Trust beneficiary as Business Manager:

In the linked-to opinion the trust owned Salt Creek Art Works, a large art studio and gallery. One of the trust’s beneficiaries was serving as trustee of the trust and business manager for Salt Creek Art Works. The trust agreement provided that a beneficiary may not receive compensation for serving as trustee, but there was nothing stopping her from getting paid for the work she did as business manager. In fact, the trust agreement specifically authorized a trustee/beneficiary to hire herself to do any work the trust required.

When the trustee/beneficiary was removed as trustee she was also stripped of her business-manager fees. On appeal the 2d DCA reversed this ruling by simply applying the clear text of the trust agreement.
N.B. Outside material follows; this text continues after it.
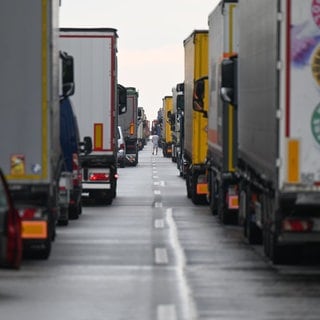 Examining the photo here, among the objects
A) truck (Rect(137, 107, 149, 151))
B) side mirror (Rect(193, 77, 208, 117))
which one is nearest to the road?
side mirror (Rect(193, 77, 208, 117))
Section 6.2 of the Trust provides that a beneficiary may not receive compensation for serving as Trustee:

Any Trustee, whether an individual or corporate trustee, who may serve under the Trust shall be entitled to receive compensation for its services as Trustee in accordance with its schedule of rates in effect at the time the services are rendered, including minimum fees and additional compensation for special investment and interests in a closely-held business. Any Trustee who is also a beneficiary under the Trust shall serve without compensation.

(Emphasis added.) Our record demonstrates, however, that Ms. Burgess did not receive compensation for her service as Trustee. Rather, she received a modest monthly payment from the Trust for operating the ongoing business of Salt Creek Art Works. The payments she received were not contrary to the terms of the Trust. Indeed, the Trust allows compensation to a Trustee serving in other capacities. Section 6.4 empowers the Trustee:

[T]o employ accountants, actuaries, appraisers, attorneys, brokers, building contractors, custodians, investment managers, realtors, and other agents including any Trustee, if such employment be deemed necessary or desirable and to pay reasonable compensation for their services without diminution of any fiduciary’s commissions….

(Emphasis added.)

Finally, section 6.5 allows the Trustee to compensate a beneficiary for business management duties:

To determine in his or her discretion the manner and extent of his or her active participation in the business, and to delegate all or any part of his or her power to supervise and operate to such person or persons as he or she may select, including any associate, partner, officer or employee of the business.

To hire and discharge officers and employees, fix their compensation and define their duties; and to employ, compensate and discharge agents, attorneys, consultants, accountants and such other representatives as the Trustee may deem appropriate; including the right to employ any beneficiary or individual fiduciary in any capacity.

(Emphasis added.)

Relying on the plain language of the Trust document, we must conclude that the trial court erred in ruling that Ms. Burgess could not be compensated for managing Salt Creek Art Works.